November 14,

Well, this is Aaron writing today. Yesterday was pretty snowy and windy, so we couldn't do much work. Luckily Stacy scheduled a day or two of slack time to account for just such an eventuality. We have finished up the Explorers Cove site, but have at least one more dive at Cape Bernacchi, which of course is the far site and is very difficult to get to in bad conditions. Well, we could get there, but I don't think any of the divers would make it back with all of their appendages. We were all a bit nervous that the weather wouldn't clear and we'd have to bite the bullet and mount an expedition out the Cape Bernacchi Robert F. Scott style. Luckily the weather broke. So we all breathed a collective sigh of relief when looking out the window in the morning.

It was beautiful the whole area was blanketed with snow. Rob Robbins said that this was the snowiest he had seen the dry valleys in his 25 years of being down here, and that was before the storm came and dumped all the snow on us. So we decided to make an attempt at finishing up the Cape Bernacchi site.
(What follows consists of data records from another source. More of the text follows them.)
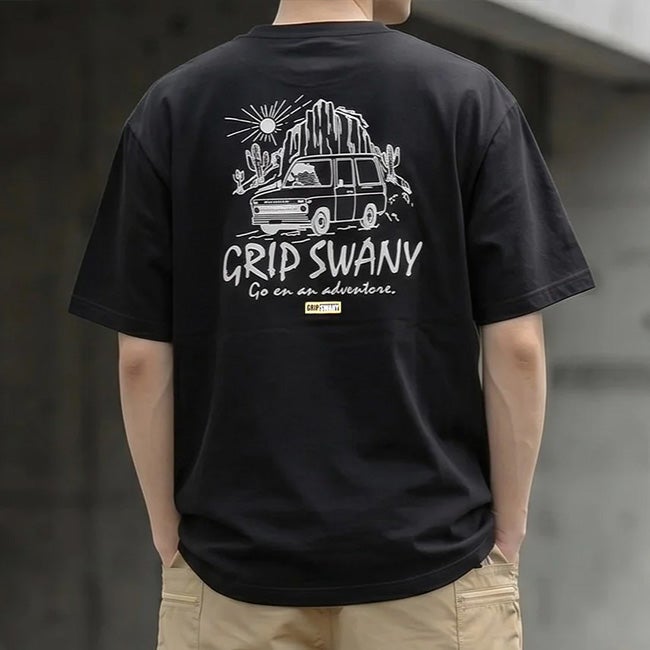 GRIP SWANY グリップスワニー トラベリングベアーTEE｜SUNDAY MOUNTAIN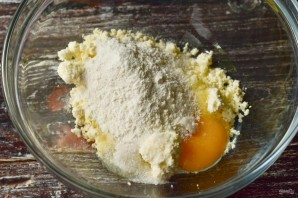 Сырники из творога с шоколадом Сырники из творога с шоколадом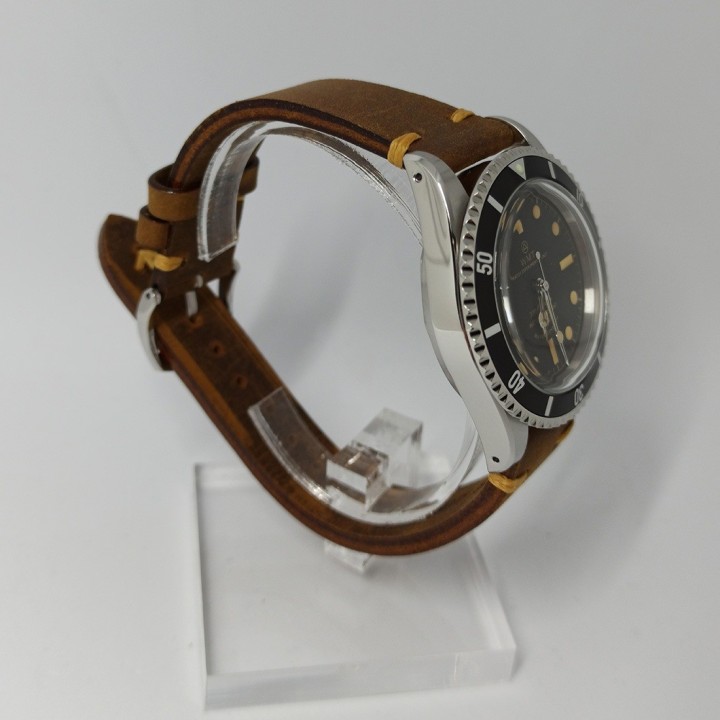 Royal Marine Brown Vintage (Cassa e vetro leggermente graffiati e cinturino leggermente usato)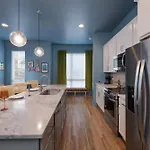 Outlaw Oasis Tranquil 2 Bdr Nashville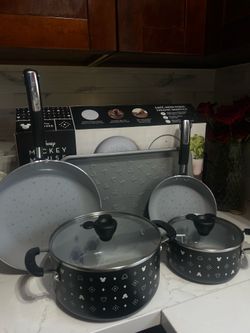 Disney Home Mickey Mouse Ceramic Nonstick Cookware Set 7piece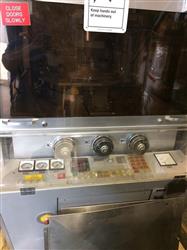 Image FETTE Perfecta 1000 Tablet Press - 7 from Bid-on-Equipment.com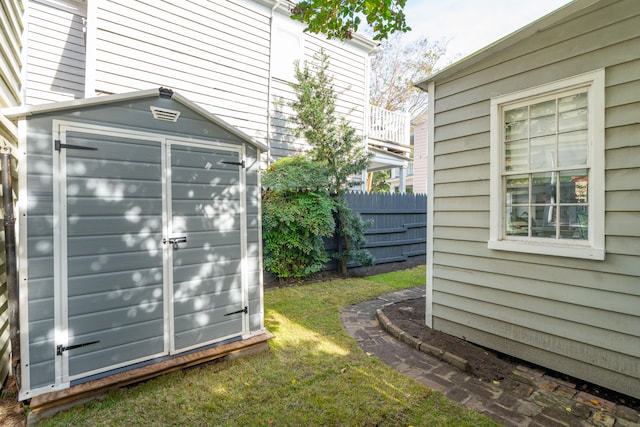 view of outdoor structure with a yard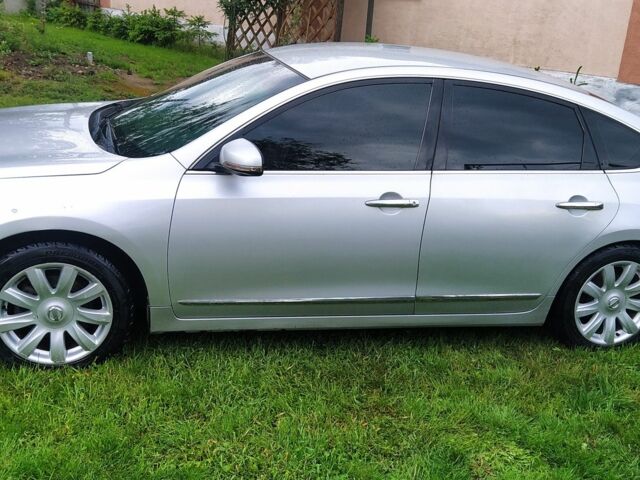 Серый Ниссан Теана, объемом двигателя 0 л и пробегом 317 тыс. км за 5500 $, фото 1 на Automoto.ua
That meant we had to transport all 8 of the buckets with the experimental cores in them, all the diving gear, and three divers (pictured here, in case you can't tell, it's Oliver, Stacy and me on the end) onto two skidoos and their Nanson sleds, which requires a feat of packing. After much head scratching, we managed to get everything loaded and sent Dan ahead with most of the equipment to blaze a new trail out to the site, since the snow covered our old one. We waited until he radioed us from near the site before we left, to minimize our DFT, or "Diver Freezing Time". Unfortunately, he had to double back several times and he also got stuck a number of times, so it took him a bit longer than we anticipated, but he made it. After Dan's Herculean efforts trailblazing efforts, we were finally off, guided by Dan's comforting skidoo tracks and mysterious symbols scrawled in the snow which we gathered were some sort of indication of which trail to take. Often it was apparent what trail to follow as you could see an area of heavily disturbed and broken snow where Dan and Antarctica went head to head in a confrontation of biblical scale, but Antarctica always seemed to win as Dan always turned around. I don't think Dan took it very well.

The dive went very smoothly. John and Stacy got in the water and down to business quickly. It took me a bit longer as my pesky mask kept freezing before I even got in the water, plus the waste strap on my tank broke. I thought it was an ominous portent of things to come, but amazingly we finished the entire experimental deployment in one dive. It's really impressive how much more efficient we have become during the course of this trip.

In the evening John and Stacy dove at the Polar Haven to video the circus, which was John named the rack that he placed out in the distant past. Andrew and Kathy went for a dive at the ice wall, which is a spot where, surprise surprise, the ice makes a vertical wall. I tended them, so I couldn't see it myself, but it sounded pretty neat. There were even scallops frozen into the wall. They went down to take pictures of the wall, but by the time they reached it they had used up all their film, pity.